1031, insofar as it directs the Commission on Elections to supervise, control, hold, and
conduct the Referendum-Plebiscite scheduled on October 16, 1976. Petitioners contend that
under the 1935 and 1973 Constitutions there is no grant to the incumbent President to
exercise the constituent power to propose amendments to the new Constitution. As a
consequence, the Referendum-Plebiscite on October 16 has no constitutional or legal basis.
The Soc-Gen contended that the question is political in nature hence the court cannot take
cognizance of it.

ISSUE: Whether or not Marcos can validly propose amendments to the Constitution. (YES)

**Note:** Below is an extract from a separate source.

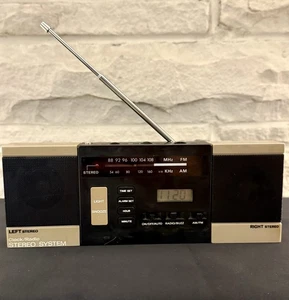 Vintage AM/FM Radiowecker Stereoanlage mit einem abnehmbaren Lautsprecher - Modell # US-2 - Bild 1 von 9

RULING: The amending process both as to proposal and ratification raises a judicial
question. This is especially true in cases where the power of the Presidency to initiate the
amending process by proposals of amendments, a function normally exercised by the
legislature, is seriously doubted. Under the terms of the 1973 Constitution, the power to
propose amendments to the Constitution resides in the interim National Assembly during the
period of transition (Sec. 15, Transitory Provisions). After that period, and the regular
National Assembly in its active session, the power to propose amendments becomes ipso
facto the prerogative of the regular National Assembly (Sec. 1, pars. 1 and 2 of Art. XVI,
1973 Constitution). The normal course has not been followed. Rather than calling the interim
National Assembly to constitute itself into a constituent assembly, the incumbent President
undertook the proposal of amendments and submitted the proposed amendments through
Presidential Decree 1033 to the people in a Referendum-Plebiscite on October 16.

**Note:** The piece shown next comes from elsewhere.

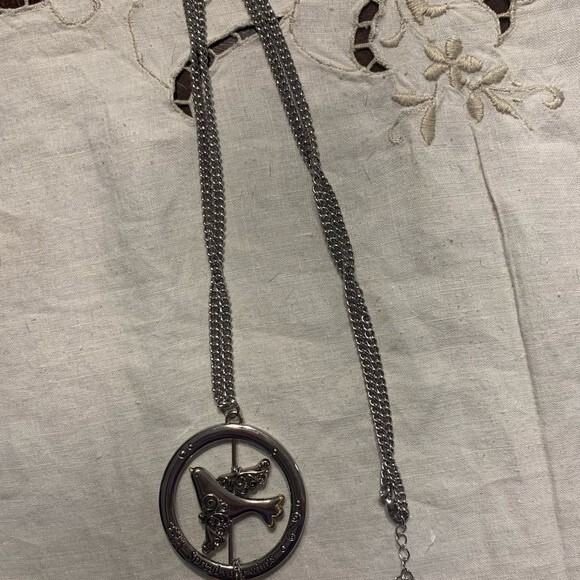 Avon NWT Stamped Necklace - “Spread Your Wings” Vintage Avon Necklace - Picture 2 of 3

Unavoidably, the regularity of the procedure for amendments, written in lambent words in the
very Constitution sought to be amended, raises a contestable issue. The implementing
Presidential Decree Nos. 991, 1031, and 1033, which commonly purport to have the force
and effect of legislation are assailed as invalid, thus the issue of the validity of said Decrees
is plainly a justiciable one, within the competence of this Court to pass upon. Section 2
Article X of the new Constitution provides: “All cases involving the constitutionality of a
treaty,
executive agreement, or law shall be heard and decided by the Supreme Court en banc and
no treaty, executive agreement, or law may be declared unconstitutional without the
concurrence of at least ten Members.” The Supreme Court has the last word in the
construction not only of treaties and statutes, but also of the Constitution itself. The
amending, like all other powers organized in the Constitution, is in form a delegated and
hence a limited power, so that the Supreme Court is vested with that authority to determine
whether that power has been discharged within its limits.

This petition is however dismissed. The President can propose amendments to the
Constitution and he was able to present those proposals to the people in sufficient time. The
President at that time also sits as the legislature.